# Happy New Year



## Queenie1 (Aug 21, 2008)

Just want to wish you all a

HAPPY NEW YEAR

Have a wonderful evening and may all our dreams come true in 2009.

Love Queenie xx


----------



## popsi (Oct 11, 2007)




----------



## ebonie (Apr 17, 2007)

to you all as queenie said may all your dreams come true


----------



## Jule (Oct 12, 2008)

Happy New Year everyone,  hope you all have a good night and everyone has luck in 2009.

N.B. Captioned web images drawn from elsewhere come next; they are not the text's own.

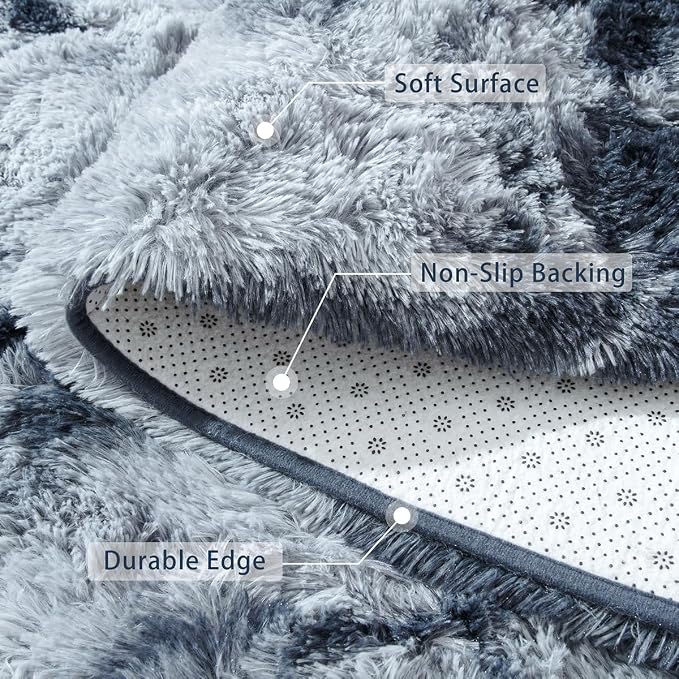 Beglad Fluffy Large Area Rugs 6x9 Feet, Modern Minimalist Style Shag Fuzzy Rugs - Image 5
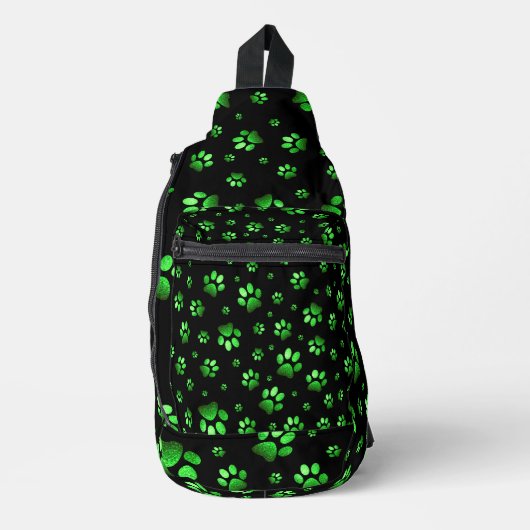 Poten print sprankelend groen glitter, sling bag (Voorkant)
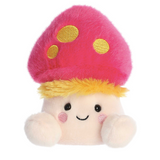 Plush toy with a pink mushroom hat and smiling face on a white background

Tried downloading one of those lovely pics that you ebonie and popsi have put on here but not working, im useless its on my desktop instead!!


----------



## popsi (Oct 11, 2007)

jule

i bet it looks very pretty on your desktop thou xx


----------



## Jule (Oct 12, 2008)

Oh yes it does thank you, it was the one with the penguins, my DH favourite animal!

How are you?


----------



## popsi (Oct 11, 2007)

i love penguins too they are sooo cute

i am good thanks, looking forward to the new year  

hope you have a lovely evening tonight, i am supposed to be working now on here but chatting is so much more fun lol


----------



## ebonie (Apr 17, 2007)

Jule did u copy  the second code in glittergraphics not the first one  

Hope you both have a great night im just going to dry my hair cause im supposed to be out in a hours time   happy new year to u all


----------



## Jule (Oct 12, 2008)

Wonder if this has worked,hope so!!!


----------



## Jule (Oct 12, 2008)

Thanks ebonie done it, im getting better at this!!


----------



## Cath34 (Oct 14, 2008)

Sorry I haven't been on here in a while!! but HAPPY NEW YEAR to everyone. I hope we all get the news we want in 2009 and that our dreams come true. Have a great evening everyone. Catch up soon


----------



## kara76 (Dec 14, 2004)

happy new year all

hope its a good one for everyone

ive been working all day and im ill , man flu of all things


----------



## ANDI68 (Aug 17, 2007)

​


----------



## kara76 (Dec 14, 2004)

2009 bring in on


----------



## PixTrix (Aug 20, 2008)

Happy new year all.

May 2009 bring all our dreams come true xx


----------



## Taffy Girl (Feb 8, 2008)

Happy New Year to you all - hope 2009 brings all you hope for   

x x x


----------